We have several Civil War veterans buried in cemeteries throughout the county.
Gold was discovered in Canyon City at the start of the Civil War and even though the miners here at that time did not take part in the actual war, they had strong feelings for either "the blue or the gray."
Many battles were fought in the taverns in Canyon City and Dixie City, though there are no records of anyone being seriously hurt.

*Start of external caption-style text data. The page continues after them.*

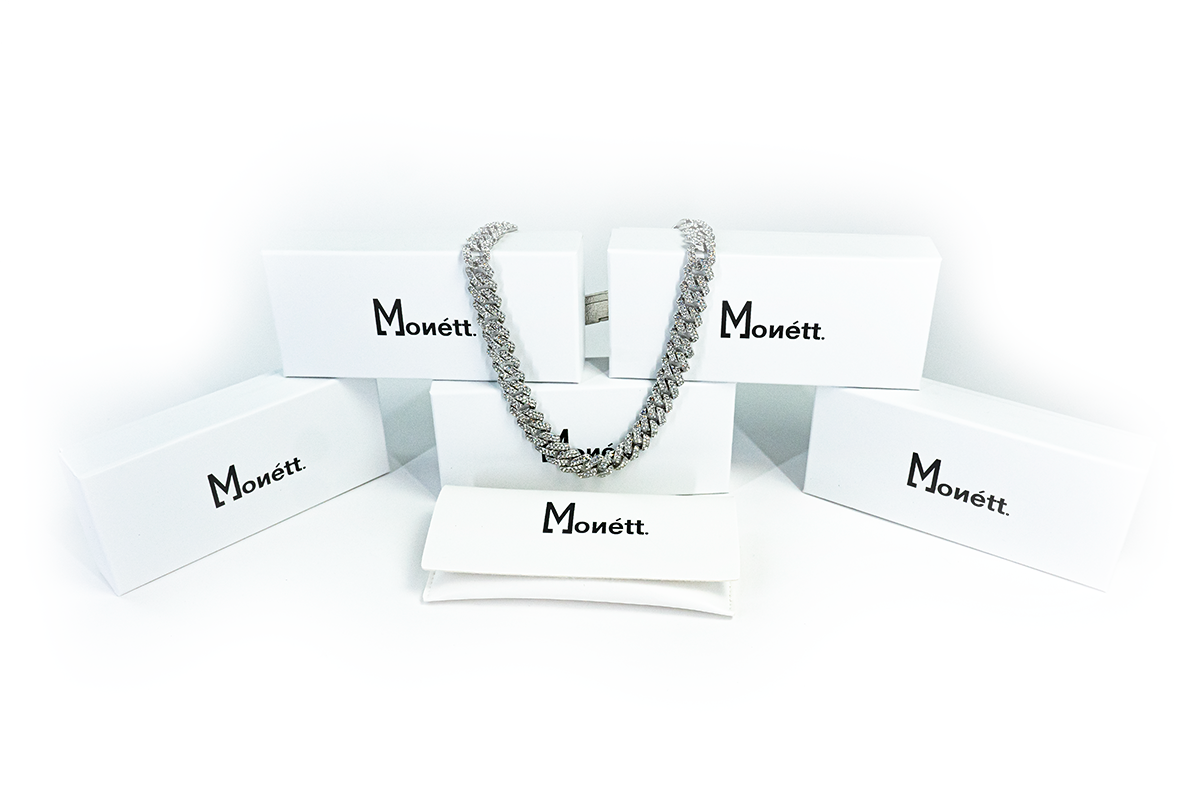 Silver chain necklace on a white background with 'Monett' branding.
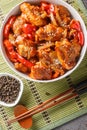 Black pepper chicken with juicy tender fillet, crisp vegetables and a rich savory black pepper sauce closeup on the bowl. Vertical Royalty Free Stock Photo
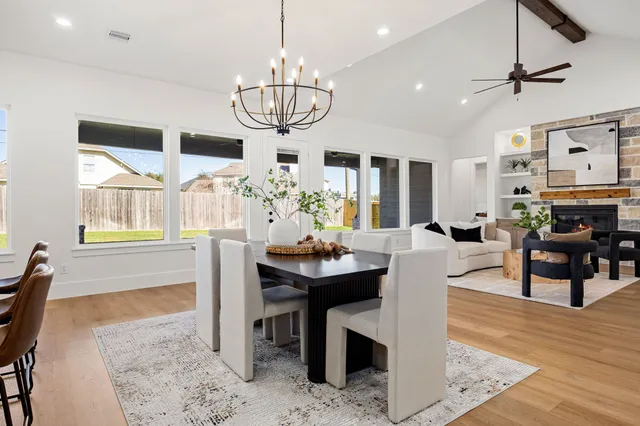 a view of kitchen space with wooden floor and electronic appliances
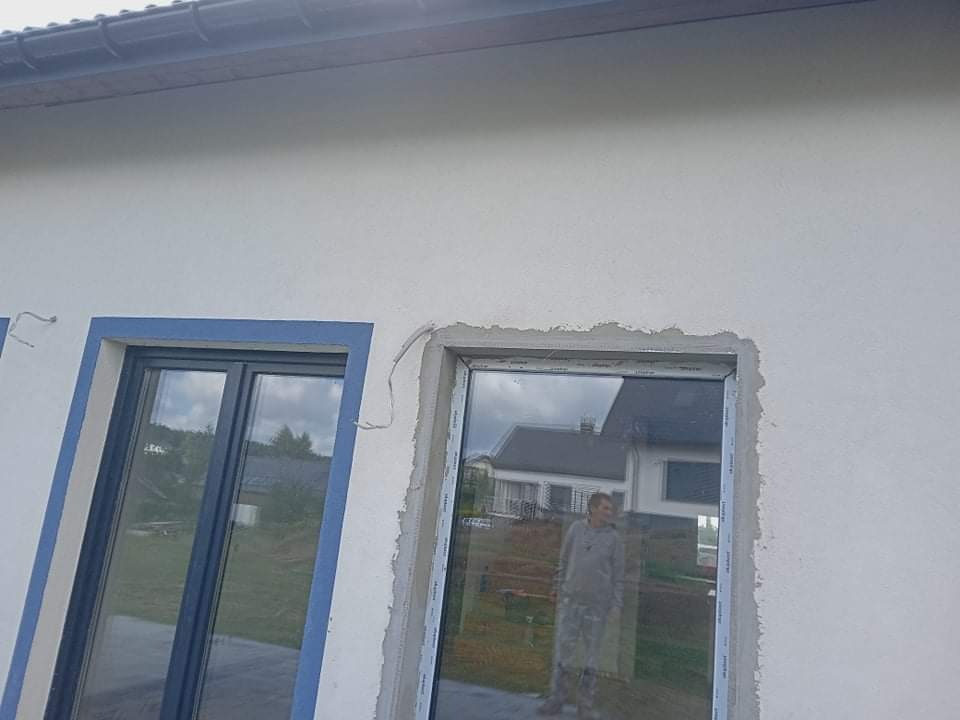 Ściana zewnętrzna budynku z dwoma oknami, jedno z niebieską ramą i drugie w trakcie uszczelniania, z widocznym odbiciem osoby w szybie.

In an article in the Blue Mountain Eagle in 1922, R.E. Bledsoe wrote, "In June of 1862 a party of seventy-five men from Napa Valley, Calif., came to Canyon City. Jeff Whitton was the captain. They were all southern men and carried with them a Confederate flag which was kept flying over Whitton's tent until after the 4th of July. There was a turbulent 4th of July celebration that year and it was the expressed intention of the Whitton party to raise the flag at the celebration, but wiser heads prevailed and a tragedy thereby averted, for at that time many gold hunters had come into Canyon City and the war feeling was violent and dangerous,-the opposing factions being about evenly divided."

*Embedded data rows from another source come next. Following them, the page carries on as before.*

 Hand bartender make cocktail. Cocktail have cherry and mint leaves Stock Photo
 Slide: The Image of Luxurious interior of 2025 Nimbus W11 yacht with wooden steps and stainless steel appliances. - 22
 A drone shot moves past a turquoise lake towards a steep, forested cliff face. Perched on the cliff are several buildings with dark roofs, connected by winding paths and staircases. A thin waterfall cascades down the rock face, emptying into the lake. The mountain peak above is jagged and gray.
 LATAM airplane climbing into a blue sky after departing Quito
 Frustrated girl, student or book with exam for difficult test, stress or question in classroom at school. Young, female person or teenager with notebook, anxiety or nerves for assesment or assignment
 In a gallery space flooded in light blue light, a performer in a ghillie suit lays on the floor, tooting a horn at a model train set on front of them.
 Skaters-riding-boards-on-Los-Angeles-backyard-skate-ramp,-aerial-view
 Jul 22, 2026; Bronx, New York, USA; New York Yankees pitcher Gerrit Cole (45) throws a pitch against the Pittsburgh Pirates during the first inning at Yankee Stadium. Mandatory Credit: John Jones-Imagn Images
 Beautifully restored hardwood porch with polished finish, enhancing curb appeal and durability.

After the war was over, a lot of the veterans from both sides packed up what was left of their lives and moved West.
Several came to Grant County to get a new start. One of these was Pvt. Thomas Carter Steel, Co. "D" 1st Arkansas Mounted Rifles, born in 1836, at Spring Hill, Johnson County, Ark.

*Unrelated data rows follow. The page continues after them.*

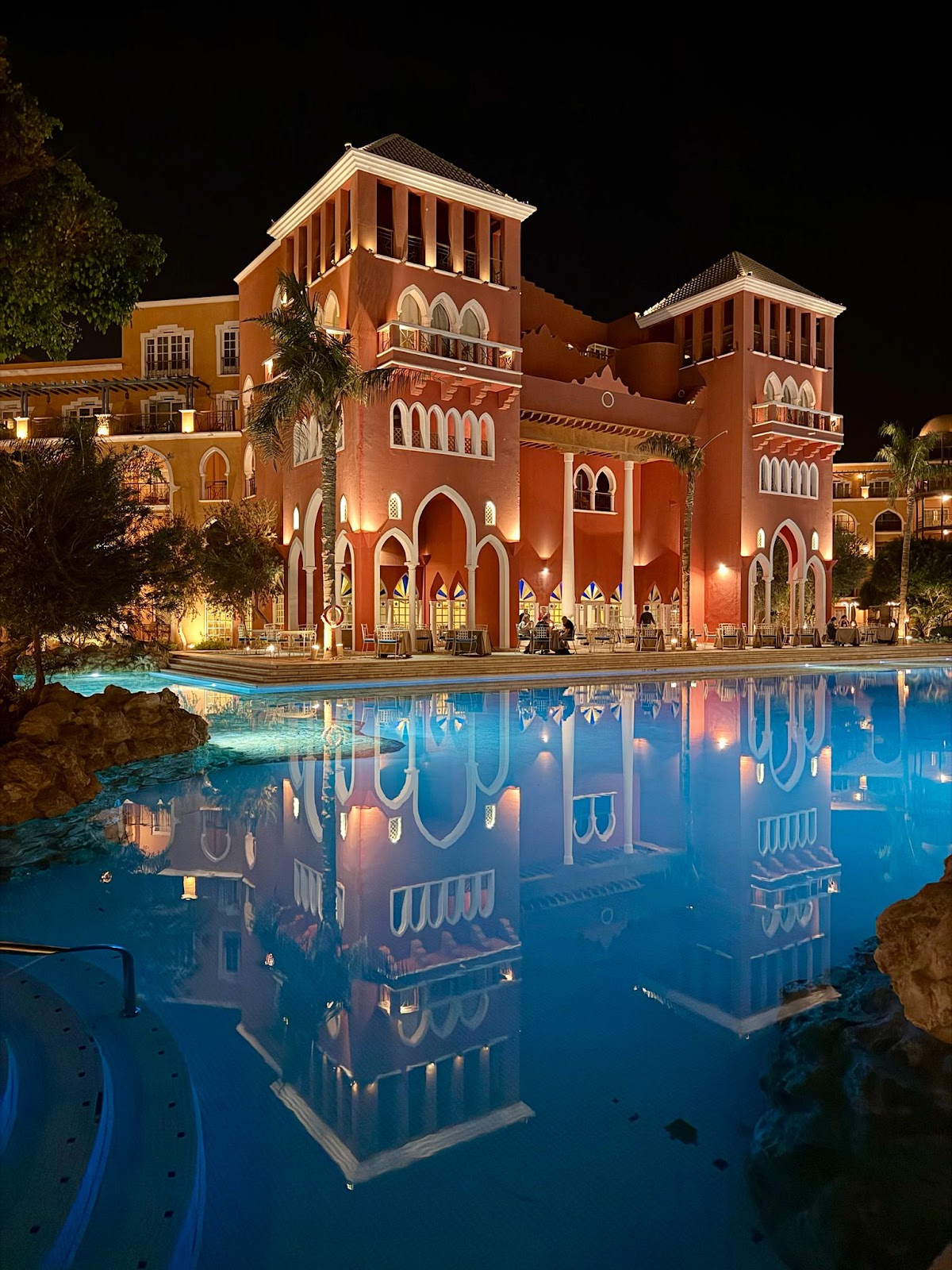 Illuminated red-brick resort buildings with Moorish architecture reflected in a glowing blue lagoon pool at night.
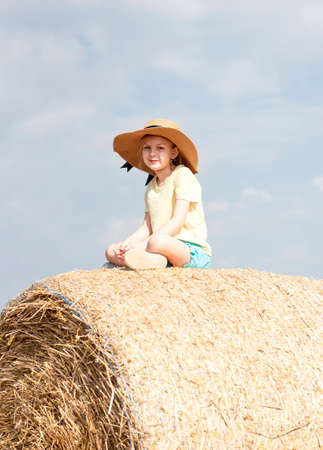 Little girl having fun in a wheat field on a summer day. Child playing at hay bale field during harvest time.の写真素材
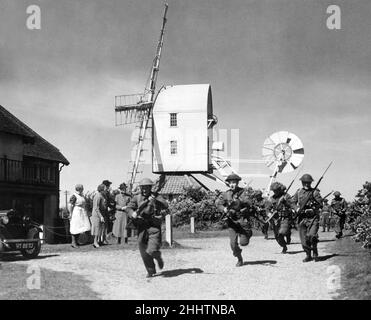 I volontari della Home Guard si allenano nel villaggio Suffolk di Thorpeness mentre i residenti guardano sopra durante la seconda guerra mondiale. 16th maggio 1943. Foto Stock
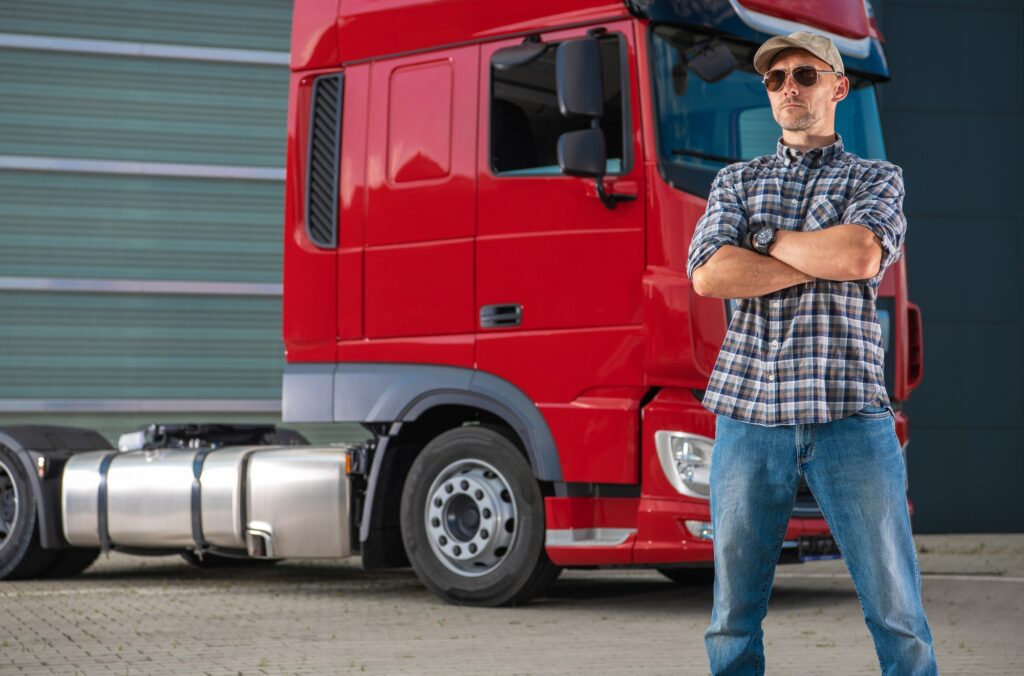 Professional Semi Truck Driver and His Heavy Duty Vehicle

He met and married Mary Jane Blaylock, who was only 14 years old, in 1857.
In 1861, Thomas left for Ft. Smith 300 miles away to become a private in the 1st Arkansas Mounted Rifles, which saw a lot of action in the war.
It would be in June of 1865 before the young couple would again be together.
After a hard time in war-torn Arkansas making ends meet, Steel moved his wife and six children in 1877 to Prairie City in the John Day Valley.
Through the hardships of the war and trying to provide for his family, Steel's health was gone. He died April 3, 1878, and is buried in the Prairie City Cemetery.
In 1879, his wife married E. C. Officer and in 1880 after giving birth to twins, she died and is buried beside Steel. The war was very hard on the women at that time, too.
-- On June 23, 2001, a Civil War Confederate memorial ceremony was held at the Prairie City Cemetery to honor Steel with a gravestone.
The enactment of the memorial service gave insight as to some of the hardships endured by our Civil War soldiers.
Shirley Combs, The Varina Howell Davis Chapter 2369 and Capt. F.M. Jackson Camp #1778 of The Dalles, Ore., helped research this information.